Presiden Donald Trump akan memberikan jawabannya pada 11 April 2018 terkait tarif impor baja, dan pada 19 April 2018 untuk impor aluminium.

"Kami akan menunggu jawaban potensial dari Presiden untuk langkah berikutnya," kata Ross pada rilis resminya.

Rekomendasi sebanyak 37 halaman ini berdasarkan Investigasi Seksi 232 dari Trade Expansion Act of 1962. 

Menurut Ross, ada beberapa faktor penyusunan rekomendasi ini. Salah satunya, AS merupakan importir baja terbesar dunia. "Impor baja kita hampir empat kali ekspornya," tulis Ross. 

Sementara itu, dunia memang mengalami kenaikan kapasitas produksi baja, yaitu sampai 2,4 miliar metrik ton.

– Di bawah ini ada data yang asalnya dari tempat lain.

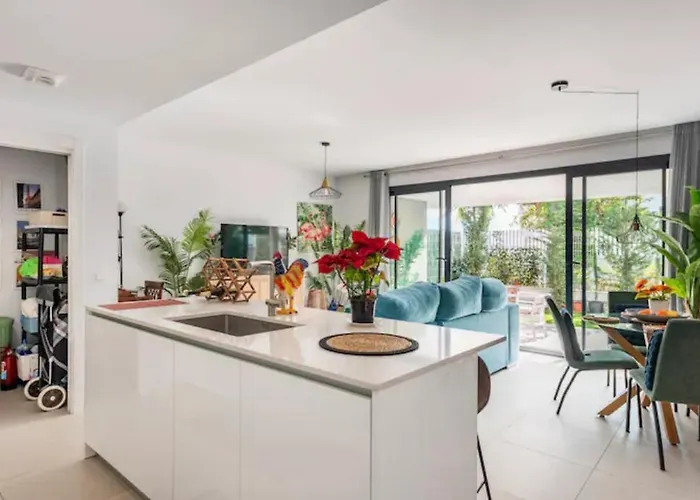 Appartement Tranquil Sea Breeze *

Hal ini mengakibatkan ada pasokan belebih dunia 700 juta ton, atau tujuh kali konsumsi tahunan AS. 

China menjadi sorot penting AS dalam penetapan tarif ini, mengingat Negeri Tirai Bambu ini menjadi pengekspor terbesar dunia. Bahkan, ekses produknya saja melampaui produksi baja AS. 

Perlindungan terhadap produk AS ini diyakini akan meningkatkan kapasitas produksi baja AS dari 73% saat ini menjadi 80%. Sedangkan industri aluminium diperkirakan bisa meningkatkan kapasitas produksi dalam negeri AS dari 48% menjadi 80%.